Task:
Please reproduce the entries below exactly from the line holding "El Salvador Reisekarte Poster" through the last line, both included, and omit any pictures.

::::::::::

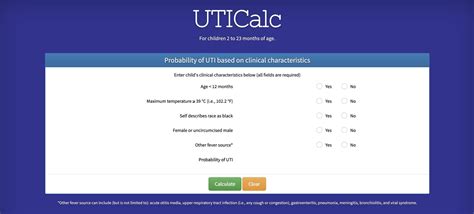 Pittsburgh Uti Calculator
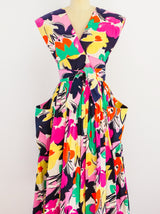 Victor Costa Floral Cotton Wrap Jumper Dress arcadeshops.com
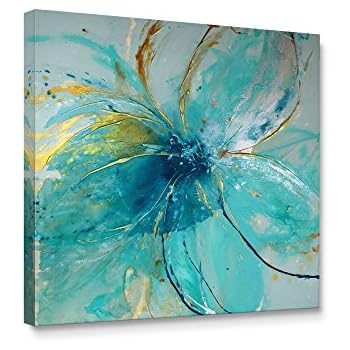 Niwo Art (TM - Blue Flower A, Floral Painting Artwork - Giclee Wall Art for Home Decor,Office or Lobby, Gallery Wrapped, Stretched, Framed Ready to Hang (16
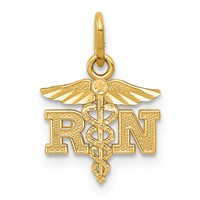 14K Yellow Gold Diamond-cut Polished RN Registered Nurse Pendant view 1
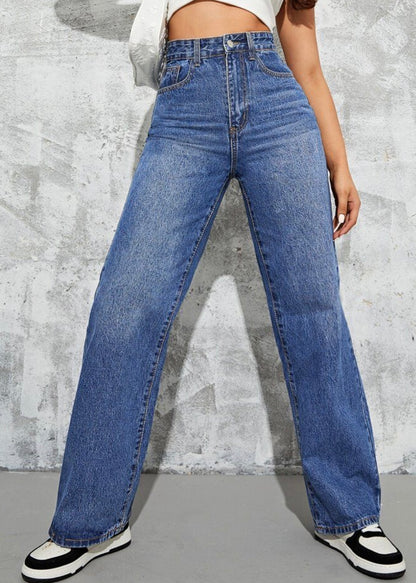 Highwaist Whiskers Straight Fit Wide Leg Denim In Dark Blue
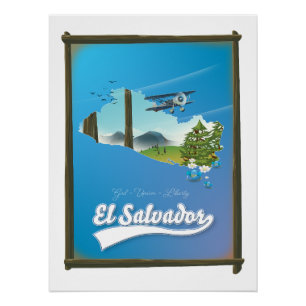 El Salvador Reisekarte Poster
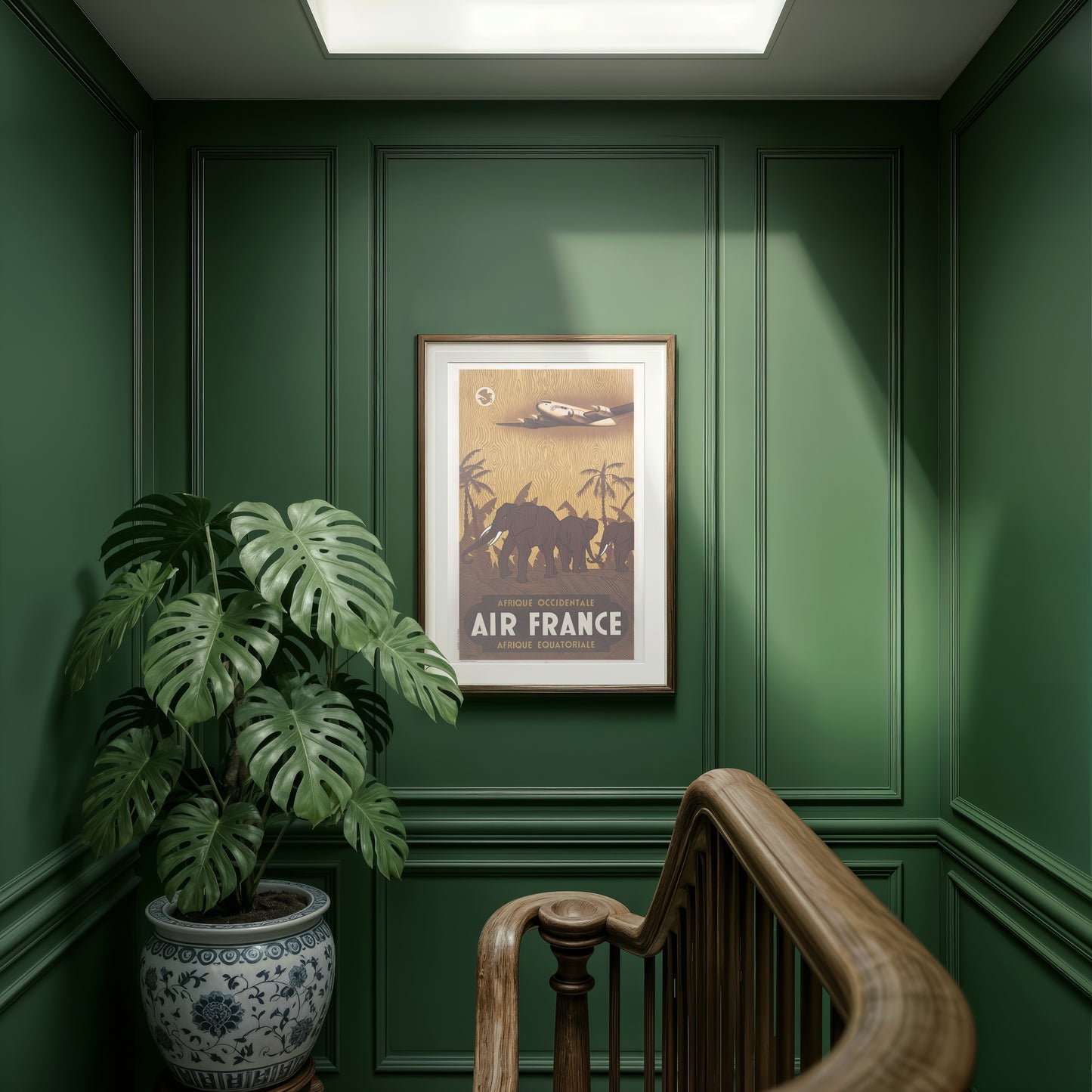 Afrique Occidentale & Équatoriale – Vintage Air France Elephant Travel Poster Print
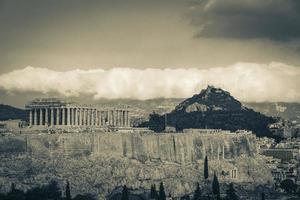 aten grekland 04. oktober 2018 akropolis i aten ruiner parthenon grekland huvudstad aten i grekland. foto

::::::::::

Answer space:
 El Salvador Reisekarte Poster
 Afrique Occidentale & Équatoriale – Vintage Air France Elephant Travel Poster Print
 aten grekland 04. oktober 2018 akropolis i aten ruiner parthenon grekland huvudstad aten i grekland. foto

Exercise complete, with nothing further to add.